For the listing below, return the line containing "Patas para muebles", the line containing "Buck Off Screen", and all lines in between, exactly as written and nothing else.

Given data —
- - - -
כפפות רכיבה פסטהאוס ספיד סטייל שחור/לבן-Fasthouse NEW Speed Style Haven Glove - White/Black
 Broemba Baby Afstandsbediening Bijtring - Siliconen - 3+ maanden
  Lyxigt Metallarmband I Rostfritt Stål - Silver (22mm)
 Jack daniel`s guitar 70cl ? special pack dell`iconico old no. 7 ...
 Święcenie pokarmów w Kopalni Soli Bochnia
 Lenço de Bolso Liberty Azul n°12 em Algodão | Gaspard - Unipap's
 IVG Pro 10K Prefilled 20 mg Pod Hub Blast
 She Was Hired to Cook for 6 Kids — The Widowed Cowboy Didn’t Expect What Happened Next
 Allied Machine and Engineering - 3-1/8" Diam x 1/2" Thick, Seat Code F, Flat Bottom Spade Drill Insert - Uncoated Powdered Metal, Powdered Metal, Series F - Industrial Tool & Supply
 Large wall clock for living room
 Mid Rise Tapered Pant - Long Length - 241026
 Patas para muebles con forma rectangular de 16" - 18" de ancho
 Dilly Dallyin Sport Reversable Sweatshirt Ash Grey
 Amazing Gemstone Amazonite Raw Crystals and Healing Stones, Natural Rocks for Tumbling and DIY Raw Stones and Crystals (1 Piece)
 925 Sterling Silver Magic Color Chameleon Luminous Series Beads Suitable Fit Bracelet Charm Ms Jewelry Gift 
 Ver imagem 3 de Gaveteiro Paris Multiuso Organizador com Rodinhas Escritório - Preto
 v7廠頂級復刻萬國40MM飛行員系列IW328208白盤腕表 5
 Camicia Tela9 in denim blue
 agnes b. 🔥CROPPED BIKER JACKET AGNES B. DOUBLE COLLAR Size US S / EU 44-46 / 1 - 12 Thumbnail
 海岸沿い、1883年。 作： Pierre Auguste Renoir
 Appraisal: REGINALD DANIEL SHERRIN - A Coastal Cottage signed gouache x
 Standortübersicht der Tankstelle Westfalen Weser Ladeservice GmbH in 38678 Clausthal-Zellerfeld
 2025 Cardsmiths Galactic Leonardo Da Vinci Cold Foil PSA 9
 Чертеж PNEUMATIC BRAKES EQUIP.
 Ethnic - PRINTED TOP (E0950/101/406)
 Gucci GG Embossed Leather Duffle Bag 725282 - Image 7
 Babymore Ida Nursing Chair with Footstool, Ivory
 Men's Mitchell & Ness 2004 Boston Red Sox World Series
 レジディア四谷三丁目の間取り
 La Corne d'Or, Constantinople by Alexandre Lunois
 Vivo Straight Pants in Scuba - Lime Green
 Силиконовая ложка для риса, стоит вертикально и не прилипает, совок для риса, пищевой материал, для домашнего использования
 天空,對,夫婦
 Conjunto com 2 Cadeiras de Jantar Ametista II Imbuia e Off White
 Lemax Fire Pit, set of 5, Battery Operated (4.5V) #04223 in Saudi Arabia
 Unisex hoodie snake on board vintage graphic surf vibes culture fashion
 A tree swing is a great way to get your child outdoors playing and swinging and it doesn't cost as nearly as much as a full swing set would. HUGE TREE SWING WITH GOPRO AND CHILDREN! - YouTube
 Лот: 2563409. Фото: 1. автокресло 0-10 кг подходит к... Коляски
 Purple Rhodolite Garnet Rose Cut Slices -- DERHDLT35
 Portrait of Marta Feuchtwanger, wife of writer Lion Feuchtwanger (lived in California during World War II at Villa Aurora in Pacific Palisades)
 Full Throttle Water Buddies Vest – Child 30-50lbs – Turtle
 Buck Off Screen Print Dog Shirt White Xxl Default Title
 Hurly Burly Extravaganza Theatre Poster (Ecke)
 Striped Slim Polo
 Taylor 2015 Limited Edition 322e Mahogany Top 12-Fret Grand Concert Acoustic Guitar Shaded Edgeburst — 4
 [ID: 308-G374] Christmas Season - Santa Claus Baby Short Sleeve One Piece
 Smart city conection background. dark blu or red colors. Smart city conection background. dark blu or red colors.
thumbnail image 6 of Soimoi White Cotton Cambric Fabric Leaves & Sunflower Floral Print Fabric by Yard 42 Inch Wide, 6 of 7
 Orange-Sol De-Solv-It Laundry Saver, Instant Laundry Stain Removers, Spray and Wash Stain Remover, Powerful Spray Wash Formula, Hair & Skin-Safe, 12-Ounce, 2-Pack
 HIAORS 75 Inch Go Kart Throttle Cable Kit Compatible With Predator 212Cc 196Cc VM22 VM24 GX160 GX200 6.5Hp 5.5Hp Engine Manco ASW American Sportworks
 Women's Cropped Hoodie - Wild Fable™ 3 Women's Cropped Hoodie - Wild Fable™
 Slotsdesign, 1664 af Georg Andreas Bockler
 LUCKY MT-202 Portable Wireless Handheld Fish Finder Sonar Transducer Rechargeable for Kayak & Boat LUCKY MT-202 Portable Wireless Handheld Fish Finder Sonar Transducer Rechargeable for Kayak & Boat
- - - -
Solution to the problem —
 Patas para muebles con forma rectangular de 16" - 18" de ancho
 Dilly Dallyin Sport Reversable Sweatshirt Ash Grey
 Amazing Gemstone Amazonite Raw Crystals and Healing Stones, Natural Rocks for Tumbling and DIY Raw Stones and Crystals (1 Piece)
 925 Sterling Silver Magic Color Chameleon Luminous Series Beads Suitable Fit Bracelet Charm Ms Jewelry Gift 
 Ver imagem 3 de Gaveteiro Paris Multiuso Organizador com Rodinhas Escritório - Preto
 v7廠頂級復刻萬國40MM飛行員系列IW328208白盤腕表 5
 Camicia Tela9 in denim blue
 agnes b. 🔥CROPPED BIKER JACKET AGNES B. DOUBLE COLLAR Size US S / EU 44-46 / 1 - 12 Thumbnail
 海岸沿い、1883年。 作： Pierre Auguste Renoir
 Appraisal: REGINALD DANIEL SHERRIN - A Coastal Cottage signed gouache x
 Standortübersicht der Tankstelle Westfalen Weser Ladeservice GmbH in 38678 Clausthal-Zellerfeld
 2025 Cardsmiths Galactic Leonardo Da Vinci Cold Foil PSA 9
 Чертеж PNEUMATIC BRAKES EQUIP.
 Ethnic - PRINTED TOP (E0950/101/406)
 Gucci GG Embossed Leather Duffle Bag 725282 - Image 7
 Babymore Ida Nursing Chair with Footstool, Ivory
 Men's Mitchell & Ness 2004 Boston Red Sox World Series
 レジディア四谷三丁目の間取り
 La Corne d'Or, Constantinople by Alexandre Lunois
 Vivo Straight Pants in Scuba - Lime Green
 Силиконовая ложка для риса, стоит вертикально и не прилипает, совок для риса, пищевой материал, для домашнего использования
 天空,對,夫婦
 Conjunto com 2 Cadeiras de Jantar Ametista II Imbuia e Off White
 Lemax Fire Pit, set of 5, Battery Operated (4.5V) #04223 in Saudi Arabia
 Unisex hoodie snake on board vintage graphic surf vibes culture fashion
 A tree swing is a great way to get your child outdoors playing and swinging and it doesn't cost as nearly as much as a full swing set would. HUGE TREE SWING WITH GOPRO AND CHILDREN! - YouTube
 Лот: 2563409. Фото: 1. автокресло 0-10 кг подходит к... Коляски
 Purple Rhodolite Garnet Rose Cut Slices -- DERHDLT35
 Portrait of Marta Feuchtwanger, wife of writer Lion Feuchtwanger (lived in California during World War II at Villa Aurora in Pacific Palisades)
 Full Throttle Water Buddies Vest – Child 30-50lbs – Turtle
 Buck Off Screen Print Dog Shirt White Xxl Default Title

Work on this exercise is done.